つまり、条件を確定して契約書に起こせるのはもう発売直前になってしまうのである。
校了まで睡眠時間を削って必死に推敲を重ね、全力を出し切った著者は、校了後に契約書が送られてきても即座に署名捺印しないかもしれない。してもしなくても、もはや本が出版されるのは確実だから急ぐ必要もないのだ。結果、発売後に締結されたりする。
では、諸々確定しなければ契約できないのはそもそもなぜか。
それは、契約契約とわめいているこの契約とは出版権設定契約だからだ。この作品を出版して日本国内で販売する独占的権利をうちの出版社が持ちますよ、という内容の契約なのである。
企画が承認されてすぐに契約できないのは、著作物が完成していないからだ。仮にタイトルを決めて契約するとしよう。気が変わってその後、タイトルを変えた。さあ、この契約書は何について出版契約したのか。存在しないタイトルについて契約しても紙屑同然である。

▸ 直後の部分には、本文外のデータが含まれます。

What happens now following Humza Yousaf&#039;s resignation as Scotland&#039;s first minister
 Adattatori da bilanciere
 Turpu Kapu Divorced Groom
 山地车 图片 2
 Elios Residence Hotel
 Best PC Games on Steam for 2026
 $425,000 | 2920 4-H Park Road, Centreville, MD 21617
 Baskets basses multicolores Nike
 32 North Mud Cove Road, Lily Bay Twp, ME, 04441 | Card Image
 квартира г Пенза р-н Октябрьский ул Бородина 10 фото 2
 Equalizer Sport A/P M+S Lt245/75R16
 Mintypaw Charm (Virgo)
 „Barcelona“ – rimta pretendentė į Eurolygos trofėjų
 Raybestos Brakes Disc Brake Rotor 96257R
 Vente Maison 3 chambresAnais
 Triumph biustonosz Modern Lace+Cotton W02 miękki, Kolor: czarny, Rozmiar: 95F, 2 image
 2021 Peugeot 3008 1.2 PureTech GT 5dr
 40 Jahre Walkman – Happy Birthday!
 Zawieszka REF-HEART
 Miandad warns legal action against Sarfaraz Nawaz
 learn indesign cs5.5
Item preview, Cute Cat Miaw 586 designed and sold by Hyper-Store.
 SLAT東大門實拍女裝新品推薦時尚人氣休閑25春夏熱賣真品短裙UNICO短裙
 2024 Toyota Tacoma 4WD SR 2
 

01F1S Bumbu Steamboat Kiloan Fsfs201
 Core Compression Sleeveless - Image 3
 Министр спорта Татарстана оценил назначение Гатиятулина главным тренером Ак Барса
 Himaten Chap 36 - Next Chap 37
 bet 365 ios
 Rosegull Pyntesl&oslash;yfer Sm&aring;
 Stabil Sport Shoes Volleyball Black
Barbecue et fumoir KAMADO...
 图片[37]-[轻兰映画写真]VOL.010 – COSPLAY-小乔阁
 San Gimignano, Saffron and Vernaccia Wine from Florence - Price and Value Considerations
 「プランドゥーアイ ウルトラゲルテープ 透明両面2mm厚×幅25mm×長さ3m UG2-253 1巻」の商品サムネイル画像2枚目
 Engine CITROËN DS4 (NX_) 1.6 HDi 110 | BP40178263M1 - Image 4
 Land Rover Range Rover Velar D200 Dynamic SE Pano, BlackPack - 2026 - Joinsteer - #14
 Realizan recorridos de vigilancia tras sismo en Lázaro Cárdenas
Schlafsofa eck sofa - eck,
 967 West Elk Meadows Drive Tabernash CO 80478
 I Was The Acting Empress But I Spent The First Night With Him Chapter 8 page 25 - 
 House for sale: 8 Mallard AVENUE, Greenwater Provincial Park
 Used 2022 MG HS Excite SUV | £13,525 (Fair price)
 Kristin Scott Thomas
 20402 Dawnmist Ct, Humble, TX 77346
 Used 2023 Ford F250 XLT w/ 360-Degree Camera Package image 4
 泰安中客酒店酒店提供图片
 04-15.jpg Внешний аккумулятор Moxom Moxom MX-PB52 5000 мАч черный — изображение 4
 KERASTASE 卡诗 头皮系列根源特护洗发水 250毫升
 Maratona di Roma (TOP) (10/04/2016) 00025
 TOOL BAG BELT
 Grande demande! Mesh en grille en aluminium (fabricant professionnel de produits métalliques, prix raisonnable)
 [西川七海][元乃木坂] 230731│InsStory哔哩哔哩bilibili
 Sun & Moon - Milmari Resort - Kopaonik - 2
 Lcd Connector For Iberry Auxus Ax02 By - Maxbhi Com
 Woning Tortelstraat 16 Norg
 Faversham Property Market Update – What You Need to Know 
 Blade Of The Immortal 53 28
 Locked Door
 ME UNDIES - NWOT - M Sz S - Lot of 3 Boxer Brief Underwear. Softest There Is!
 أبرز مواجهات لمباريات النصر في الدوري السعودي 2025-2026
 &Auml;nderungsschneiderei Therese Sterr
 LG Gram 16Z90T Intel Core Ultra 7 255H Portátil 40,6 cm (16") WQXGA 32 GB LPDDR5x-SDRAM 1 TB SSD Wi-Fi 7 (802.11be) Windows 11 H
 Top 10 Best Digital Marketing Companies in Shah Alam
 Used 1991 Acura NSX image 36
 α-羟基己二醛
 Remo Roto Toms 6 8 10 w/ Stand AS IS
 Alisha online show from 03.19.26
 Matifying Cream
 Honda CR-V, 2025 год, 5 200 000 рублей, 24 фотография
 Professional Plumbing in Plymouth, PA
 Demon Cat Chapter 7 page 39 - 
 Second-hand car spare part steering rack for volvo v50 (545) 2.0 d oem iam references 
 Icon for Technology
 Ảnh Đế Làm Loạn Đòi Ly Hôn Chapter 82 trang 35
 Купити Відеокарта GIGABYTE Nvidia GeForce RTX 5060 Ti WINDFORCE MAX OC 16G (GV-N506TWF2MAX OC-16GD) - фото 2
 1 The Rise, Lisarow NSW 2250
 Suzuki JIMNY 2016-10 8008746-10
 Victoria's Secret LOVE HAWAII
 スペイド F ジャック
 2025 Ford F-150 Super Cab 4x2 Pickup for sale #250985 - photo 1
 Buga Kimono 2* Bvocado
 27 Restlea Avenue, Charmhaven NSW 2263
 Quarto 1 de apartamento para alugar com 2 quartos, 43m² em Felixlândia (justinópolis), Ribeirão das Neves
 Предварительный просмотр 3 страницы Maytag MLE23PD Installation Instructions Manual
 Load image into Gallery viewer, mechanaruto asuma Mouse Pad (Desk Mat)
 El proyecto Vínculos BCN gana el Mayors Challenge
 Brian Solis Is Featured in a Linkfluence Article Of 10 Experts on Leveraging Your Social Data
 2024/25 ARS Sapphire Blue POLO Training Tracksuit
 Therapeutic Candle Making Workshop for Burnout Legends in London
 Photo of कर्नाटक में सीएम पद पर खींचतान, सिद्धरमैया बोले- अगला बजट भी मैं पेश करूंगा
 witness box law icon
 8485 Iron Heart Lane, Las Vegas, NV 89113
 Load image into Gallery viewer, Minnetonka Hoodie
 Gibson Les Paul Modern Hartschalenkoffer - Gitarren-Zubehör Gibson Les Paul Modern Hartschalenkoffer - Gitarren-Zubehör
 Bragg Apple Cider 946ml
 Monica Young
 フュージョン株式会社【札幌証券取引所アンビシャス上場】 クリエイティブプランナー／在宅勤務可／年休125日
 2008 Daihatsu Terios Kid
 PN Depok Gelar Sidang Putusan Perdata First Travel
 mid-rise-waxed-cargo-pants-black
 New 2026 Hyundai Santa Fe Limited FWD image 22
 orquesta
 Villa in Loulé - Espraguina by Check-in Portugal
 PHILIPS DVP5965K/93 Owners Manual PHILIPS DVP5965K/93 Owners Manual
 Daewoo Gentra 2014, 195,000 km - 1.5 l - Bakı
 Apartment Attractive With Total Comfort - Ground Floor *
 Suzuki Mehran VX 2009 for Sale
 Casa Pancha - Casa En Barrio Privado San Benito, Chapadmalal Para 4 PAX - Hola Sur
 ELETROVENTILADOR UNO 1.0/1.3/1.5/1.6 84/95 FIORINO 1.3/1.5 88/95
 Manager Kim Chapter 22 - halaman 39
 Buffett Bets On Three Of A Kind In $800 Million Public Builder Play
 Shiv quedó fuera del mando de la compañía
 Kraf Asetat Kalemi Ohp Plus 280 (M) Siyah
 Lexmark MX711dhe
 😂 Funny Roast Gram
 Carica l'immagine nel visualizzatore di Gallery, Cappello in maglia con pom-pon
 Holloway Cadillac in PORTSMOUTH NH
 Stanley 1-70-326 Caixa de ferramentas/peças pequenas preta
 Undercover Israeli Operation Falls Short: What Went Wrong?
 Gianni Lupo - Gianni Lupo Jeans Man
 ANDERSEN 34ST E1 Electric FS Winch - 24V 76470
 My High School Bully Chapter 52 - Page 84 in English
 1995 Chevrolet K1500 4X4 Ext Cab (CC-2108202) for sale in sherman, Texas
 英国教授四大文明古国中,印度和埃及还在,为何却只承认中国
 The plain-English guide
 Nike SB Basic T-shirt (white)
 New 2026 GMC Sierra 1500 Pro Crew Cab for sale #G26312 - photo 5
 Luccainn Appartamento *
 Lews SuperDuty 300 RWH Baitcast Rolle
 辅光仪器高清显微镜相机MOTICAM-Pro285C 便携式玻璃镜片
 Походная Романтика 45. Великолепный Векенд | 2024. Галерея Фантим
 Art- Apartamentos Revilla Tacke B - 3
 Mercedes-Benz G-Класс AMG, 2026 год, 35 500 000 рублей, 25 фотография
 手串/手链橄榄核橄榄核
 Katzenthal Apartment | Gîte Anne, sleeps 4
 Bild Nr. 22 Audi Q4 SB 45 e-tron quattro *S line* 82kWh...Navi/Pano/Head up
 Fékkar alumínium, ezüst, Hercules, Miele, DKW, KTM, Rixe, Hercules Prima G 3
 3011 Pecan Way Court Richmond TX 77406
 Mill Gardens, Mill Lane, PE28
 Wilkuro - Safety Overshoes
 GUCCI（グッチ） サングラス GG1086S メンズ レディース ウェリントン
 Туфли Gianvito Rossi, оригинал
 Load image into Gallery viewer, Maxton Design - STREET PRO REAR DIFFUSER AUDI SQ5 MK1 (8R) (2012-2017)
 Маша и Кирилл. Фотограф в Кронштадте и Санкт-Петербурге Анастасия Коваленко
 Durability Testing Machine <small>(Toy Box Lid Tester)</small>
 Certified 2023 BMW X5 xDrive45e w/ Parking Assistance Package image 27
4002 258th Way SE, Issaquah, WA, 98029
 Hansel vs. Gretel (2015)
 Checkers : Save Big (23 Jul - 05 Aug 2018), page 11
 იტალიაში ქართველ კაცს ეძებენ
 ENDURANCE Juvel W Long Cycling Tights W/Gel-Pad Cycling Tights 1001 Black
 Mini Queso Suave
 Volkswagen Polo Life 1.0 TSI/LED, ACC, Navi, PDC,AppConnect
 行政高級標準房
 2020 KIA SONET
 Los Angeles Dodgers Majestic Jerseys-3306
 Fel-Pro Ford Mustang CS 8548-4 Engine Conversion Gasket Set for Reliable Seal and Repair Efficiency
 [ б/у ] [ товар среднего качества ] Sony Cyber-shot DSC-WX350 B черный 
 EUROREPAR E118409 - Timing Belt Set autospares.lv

企画稟議が通過した直後に契約しようとして、できる契約があるすれば、おそらく一般的な請負契約か、あるいはこれから制作する著作物について、一定期間すべてこの出版社から刊行することを約束するような包括的専属契約だろう(筆者は法律の専門家ではないので、荒っぽい議論になるがご容赦いただきたい)。専属契約はありえるかもしれない。しかし、ジャンプ連載漫画家でもないかぎりお互いメリットはないし、支払いが明記されなければ著者サイドにとって問題解決にならない。
そして、請負契約だとして、例えば出版されてもされなくても一定の支払いを、例えば前払い保証印税のような形で約束する契約については、結局、上述のBと同じで、出版社サイドとしては、どうせ出版するのなら無駄な労力である。あらかじめ保証印税を払えと言われて、契約書を交わして払ってもいいと判断できるような作家は必ず出版する作家だから、交わす意味がない。
いやいや、そんなことを言っているから問題が生じるのだ。業界を改善しよう、きっちり契約を結んでみようと志高く契約を試みたとする。
すると、出版社サイドからしてみると、保証印税を契約書通り払ったが、この著者がいつまでも著作物を完成できなかったらどうするのか。約束通りの期日で原稿を仕上げられず、販売機会を損ねたり、期待通りの水準に達しなかった場合、責任は誰がとるのか。約束通り発売するのか。万が一、流行りモノで時流を逃したら市場に出せないような企画なら、最初から発売を止めた方が良いかもしれない。そうなると締切期限に間に合わなかったら契約不履行で支払った印税を返還する条件を付けることになる。
ちょっと待て、返還してくれなかったら誰が回収作業をするのか。そんな無駄な業務に割く人員などいない。わざわざリスクを生じさせるような契約ならしない方が良いではないか。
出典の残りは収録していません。